Records supplied |

***

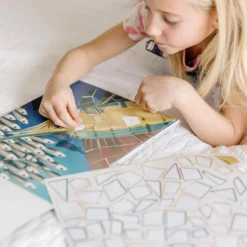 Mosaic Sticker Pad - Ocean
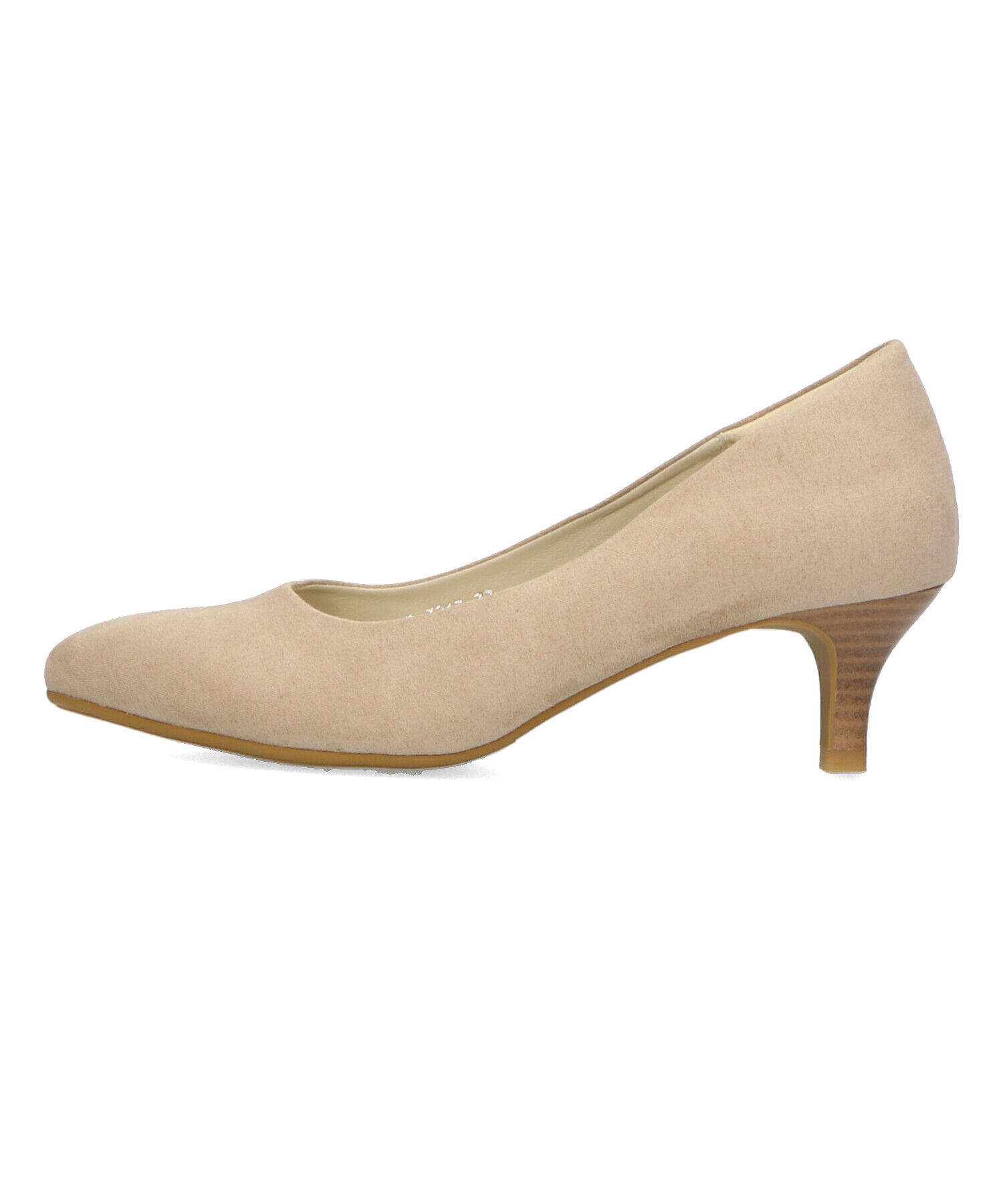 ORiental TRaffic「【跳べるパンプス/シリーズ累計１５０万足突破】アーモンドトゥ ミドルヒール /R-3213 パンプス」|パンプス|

***

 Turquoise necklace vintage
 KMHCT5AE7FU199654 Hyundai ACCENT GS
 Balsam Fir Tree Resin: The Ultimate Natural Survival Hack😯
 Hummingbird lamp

***

Task goal |
Copy out the lines above from the line containing "Mosaic Sticker Pad - Ocean" through the line containing "ORiental TRaffic「【跳べるパンプス/シリーズ累計１５０万足突破】アーモンドトゥ ミドルヒール", exactly, and keep the pictures out.

Solution to this problem |
 Mosaic Sticker Pad - Ocean
 ORiental TRaffic「【跳べるパンプス/シリーズ累計１５０万足突破】アーモンドトゥ ミドルヒール /R-3213 パンプス」|パンプス|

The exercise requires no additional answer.